Dr. Lau spells out the practical consequence: “If scientific claims about consciousness are going to influence discussions about animal welfare, AI ethics, or bioethics, then the scientific foundations supporting those claims must be especially rigorous.”
That’s a call for methodological humility as much as technical rigor. It means rejecting the pressure to produce quick answers when the question demands slow ones. It means publishing negative results—cases where a marker fails to dissociate properly—even when the headline would be less flashy. It means training students to ask which consciousness they’re measuring (creature, state, sentience?) before they run a single trial.
The Stanford Encyclopedia of Philosophy entry on consciousness outlines at least six major meanings of the term. Yet most public debate treats it as a single, binary switch: conscious or not.

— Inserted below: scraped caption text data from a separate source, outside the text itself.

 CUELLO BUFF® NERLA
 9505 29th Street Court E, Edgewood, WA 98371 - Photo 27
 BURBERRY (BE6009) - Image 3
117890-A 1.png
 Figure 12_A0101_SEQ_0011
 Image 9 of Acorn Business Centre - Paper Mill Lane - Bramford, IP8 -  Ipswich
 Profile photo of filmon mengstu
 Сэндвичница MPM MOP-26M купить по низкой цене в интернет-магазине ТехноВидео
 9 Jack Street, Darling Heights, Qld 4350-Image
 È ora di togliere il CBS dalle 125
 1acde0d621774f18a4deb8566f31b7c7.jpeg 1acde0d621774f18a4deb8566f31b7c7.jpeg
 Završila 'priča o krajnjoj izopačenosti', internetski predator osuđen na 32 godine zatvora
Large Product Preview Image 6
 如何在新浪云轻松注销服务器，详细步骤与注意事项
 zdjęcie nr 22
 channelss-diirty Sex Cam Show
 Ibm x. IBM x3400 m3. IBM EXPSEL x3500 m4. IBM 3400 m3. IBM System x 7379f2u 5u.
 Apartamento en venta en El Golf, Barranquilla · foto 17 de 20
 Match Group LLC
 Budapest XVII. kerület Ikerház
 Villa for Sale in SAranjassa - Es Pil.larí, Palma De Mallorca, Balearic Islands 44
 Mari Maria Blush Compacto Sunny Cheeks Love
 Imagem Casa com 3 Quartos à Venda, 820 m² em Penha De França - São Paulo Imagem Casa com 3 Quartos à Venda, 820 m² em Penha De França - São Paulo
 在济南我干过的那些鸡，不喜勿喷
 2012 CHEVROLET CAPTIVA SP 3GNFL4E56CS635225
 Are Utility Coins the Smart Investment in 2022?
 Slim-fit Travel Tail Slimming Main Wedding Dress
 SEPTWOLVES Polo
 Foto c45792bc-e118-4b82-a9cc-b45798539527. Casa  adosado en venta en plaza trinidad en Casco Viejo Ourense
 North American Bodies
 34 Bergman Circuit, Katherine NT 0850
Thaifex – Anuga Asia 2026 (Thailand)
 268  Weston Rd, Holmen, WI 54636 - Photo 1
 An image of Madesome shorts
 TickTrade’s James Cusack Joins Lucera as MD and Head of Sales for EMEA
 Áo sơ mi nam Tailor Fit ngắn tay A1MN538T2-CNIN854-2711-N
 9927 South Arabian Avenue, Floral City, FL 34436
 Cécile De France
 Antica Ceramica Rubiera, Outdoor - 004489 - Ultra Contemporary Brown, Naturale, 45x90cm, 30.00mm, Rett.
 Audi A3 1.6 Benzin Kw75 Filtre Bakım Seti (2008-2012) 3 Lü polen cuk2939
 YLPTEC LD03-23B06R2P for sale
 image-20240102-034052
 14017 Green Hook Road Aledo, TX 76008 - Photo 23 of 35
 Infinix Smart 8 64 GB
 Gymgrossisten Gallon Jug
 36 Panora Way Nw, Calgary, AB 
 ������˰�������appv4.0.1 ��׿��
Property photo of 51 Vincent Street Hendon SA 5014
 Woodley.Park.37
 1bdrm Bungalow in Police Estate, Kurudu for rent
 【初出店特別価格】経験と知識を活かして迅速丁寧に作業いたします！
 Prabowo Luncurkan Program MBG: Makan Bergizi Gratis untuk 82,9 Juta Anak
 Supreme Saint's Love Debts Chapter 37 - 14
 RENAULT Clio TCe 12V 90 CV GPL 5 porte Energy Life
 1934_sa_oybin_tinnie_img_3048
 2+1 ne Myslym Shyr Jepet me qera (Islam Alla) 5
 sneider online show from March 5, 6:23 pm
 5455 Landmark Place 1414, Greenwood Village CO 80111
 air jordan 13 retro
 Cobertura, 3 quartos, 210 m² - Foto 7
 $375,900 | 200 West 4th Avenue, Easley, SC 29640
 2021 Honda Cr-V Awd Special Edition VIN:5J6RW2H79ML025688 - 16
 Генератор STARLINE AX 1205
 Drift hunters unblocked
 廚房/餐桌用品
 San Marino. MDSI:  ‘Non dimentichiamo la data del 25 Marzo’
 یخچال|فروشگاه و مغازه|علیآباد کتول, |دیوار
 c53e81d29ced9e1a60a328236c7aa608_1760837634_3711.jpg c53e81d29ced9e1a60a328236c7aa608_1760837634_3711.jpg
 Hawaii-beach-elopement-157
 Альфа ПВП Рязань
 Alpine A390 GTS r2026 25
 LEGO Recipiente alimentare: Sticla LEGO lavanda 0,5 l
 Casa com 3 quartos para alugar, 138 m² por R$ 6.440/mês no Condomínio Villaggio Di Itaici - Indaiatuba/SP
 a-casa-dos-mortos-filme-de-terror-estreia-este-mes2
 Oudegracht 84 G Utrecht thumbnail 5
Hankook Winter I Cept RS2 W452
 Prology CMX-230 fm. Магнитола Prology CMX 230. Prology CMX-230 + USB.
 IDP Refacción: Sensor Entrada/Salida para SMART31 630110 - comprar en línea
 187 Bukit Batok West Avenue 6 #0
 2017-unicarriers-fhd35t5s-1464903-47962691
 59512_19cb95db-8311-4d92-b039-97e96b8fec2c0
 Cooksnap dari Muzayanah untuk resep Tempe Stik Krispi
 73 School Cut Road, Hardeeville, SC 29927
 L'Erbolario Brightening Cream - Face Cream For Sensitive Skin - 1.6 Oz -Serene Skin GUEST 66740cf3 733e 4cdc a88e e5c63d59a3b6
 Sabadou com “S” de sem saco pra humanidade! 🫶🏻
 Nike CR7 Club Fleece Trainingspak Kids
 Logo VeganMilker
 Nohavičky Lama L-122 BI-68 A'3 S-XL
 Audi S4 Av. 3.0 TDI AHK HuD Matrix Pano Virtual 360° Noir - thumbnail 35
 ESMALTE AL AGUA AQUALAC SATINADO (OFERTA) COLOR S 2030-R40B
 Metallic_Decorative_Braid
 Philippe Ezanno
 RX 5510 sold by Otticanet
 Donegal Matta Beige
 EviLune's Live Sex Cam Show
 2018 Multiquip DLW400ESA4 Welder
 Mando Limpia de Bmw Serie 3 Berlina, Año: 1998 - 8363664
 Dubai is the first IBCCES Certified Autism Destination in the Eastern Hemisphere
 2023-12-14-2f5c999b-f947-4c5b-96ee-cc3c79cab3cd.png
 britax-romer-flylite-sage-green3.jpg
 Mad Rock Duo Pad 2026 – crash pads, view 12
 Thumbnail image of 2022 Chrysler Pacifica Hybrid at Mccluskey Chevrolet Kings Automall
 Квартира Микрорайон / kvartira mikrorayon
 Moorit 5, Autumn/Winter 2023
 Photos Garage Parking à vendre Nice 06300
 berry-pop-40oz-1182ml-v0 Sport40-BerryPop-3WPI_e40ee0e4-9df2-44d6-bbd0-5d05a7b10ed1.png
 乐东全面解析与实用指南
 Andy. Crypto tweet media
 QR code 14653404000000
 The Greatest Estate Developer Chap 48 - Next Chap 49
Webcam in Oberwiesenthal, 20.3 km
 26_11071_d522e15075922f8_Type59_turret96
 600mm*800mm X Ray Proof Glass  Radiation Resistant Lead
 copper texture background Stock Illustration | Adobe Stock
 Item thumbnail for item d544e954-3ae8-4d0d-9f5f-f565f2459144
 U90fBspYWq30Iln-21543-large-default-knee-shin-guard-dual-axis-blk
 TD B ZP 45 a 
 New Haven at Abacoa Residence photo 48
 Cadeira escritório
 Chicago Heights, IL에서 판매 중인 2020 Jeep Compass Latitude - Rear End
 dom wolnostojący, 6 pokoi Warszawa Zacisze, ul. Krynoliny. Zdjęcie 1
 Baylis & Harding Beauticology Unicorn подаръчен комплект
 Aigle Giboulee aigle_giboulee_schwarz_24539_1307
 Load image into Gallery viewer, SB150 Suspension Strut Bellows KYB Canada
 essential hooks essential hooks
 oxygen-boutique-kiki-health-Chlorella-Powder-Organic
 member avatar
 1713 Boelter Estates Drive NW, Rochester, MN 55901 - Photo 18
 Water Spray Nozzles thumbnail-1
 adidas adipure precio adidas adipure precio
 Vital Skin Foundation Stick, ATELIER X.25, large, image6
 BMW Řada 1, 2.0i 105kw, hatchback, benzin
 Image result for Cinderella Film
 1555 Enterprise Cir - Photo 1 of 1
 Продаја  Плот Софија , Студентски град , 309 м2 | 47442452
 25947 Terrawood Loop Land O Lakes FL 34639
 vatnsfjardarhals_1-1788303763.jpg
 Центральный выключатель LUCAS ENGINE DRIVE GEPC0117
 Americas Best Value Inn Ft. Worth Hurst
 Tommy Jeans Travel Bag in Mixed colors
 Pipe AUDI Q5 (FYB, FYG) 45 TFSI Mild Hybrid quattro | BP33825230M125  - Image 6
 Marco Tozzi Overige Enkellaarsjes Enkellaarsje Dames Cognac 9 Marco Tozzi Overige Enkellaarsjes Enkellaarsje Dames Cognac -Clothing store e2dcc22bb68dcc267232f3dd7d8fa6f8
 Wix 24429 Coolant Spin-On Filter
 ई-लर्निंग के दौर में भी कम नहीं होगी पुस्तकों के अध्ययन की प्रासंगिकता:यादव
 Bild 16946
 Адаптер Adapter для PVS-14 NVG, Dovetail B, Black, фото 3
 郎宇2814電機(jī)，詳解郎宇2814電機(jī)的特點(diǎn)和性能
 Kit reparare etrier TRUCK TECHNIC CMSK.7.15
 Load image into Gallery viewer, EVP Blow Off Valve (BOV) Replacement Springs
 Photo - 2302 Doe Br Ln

That binary thinking is what the methodological crisis exploits. A cat’s eye twitches, we call it pain. An AI model self-corrects during training, and someone tweets about digital suffering. Neither is necessarily wrong—just incomplete without specifying what kind of capacity we’re attributing.
Before the field can build sentience thresholds for organoids or argue whether an octopus count as a legal person, it must answer a simpler question: how do we know the difference between a thing that computes and a thing that knows it’s computing? The answer won’t come from faster GPUs, bigger fMRI scanners, or more clever algorithms. It’ll come from a shared willingness to look at the tools we love—and ask whether they’re actually seeing what we think they are.
The measurement trap isn’t about failing to escape it. It’s about recognizing the edges of our own lens before we claim we’ve found a new world behind it.